# RAW DATA
==========

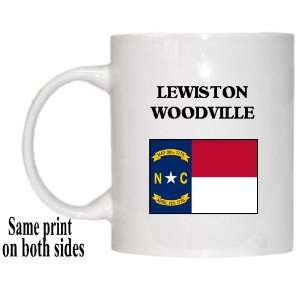  US State Flag   LEWISTON WOODVILLE, North Carolina (NC 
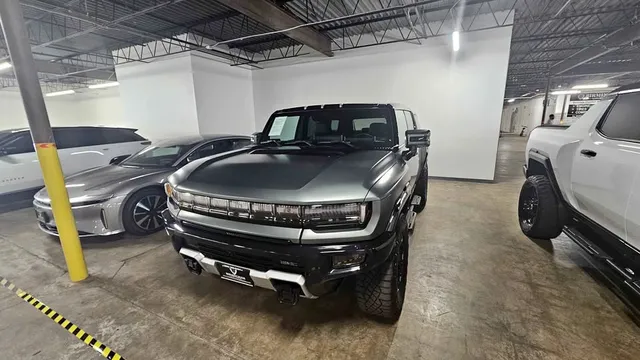 2024 Hummer EV 3x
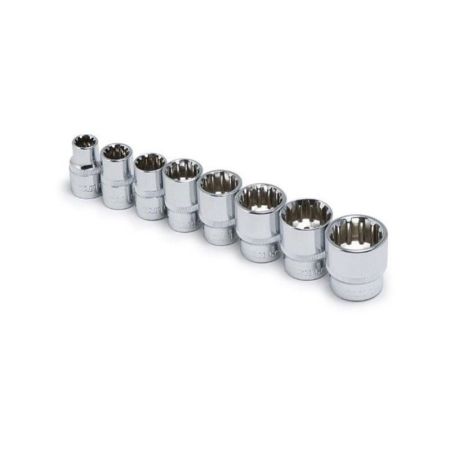 Jetech Hex Socket SK Series - 1/2 Inch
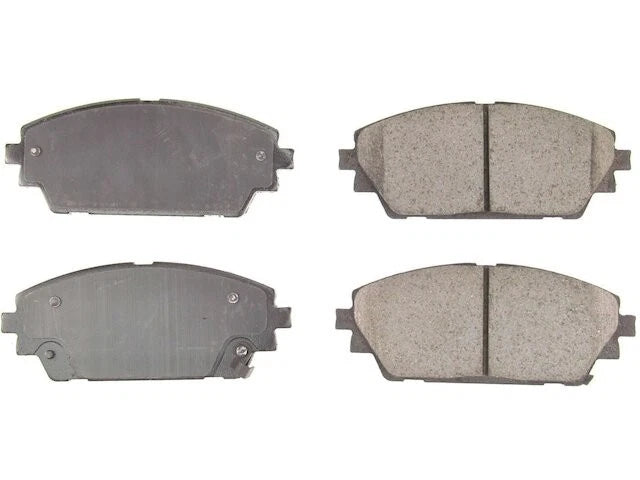 Front Brake Pad Set for Mazda 3 Sport (2019–2022) TM894DH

==========

# EXERCISE REQUIREMENTS
Any picture in the material is to be dropped; the rest is repeated exactly.

# ANSWER SPACE
  US State Flag   LEWISTON WOODVILLE, North Carolina (NC 
 2024 Hummer EV 3x
 Jetech Hex Socket SK Series - 1/2 Inch
 Front Brake Pad Set for Mazda 3 Sport (2019–2022) TM894DH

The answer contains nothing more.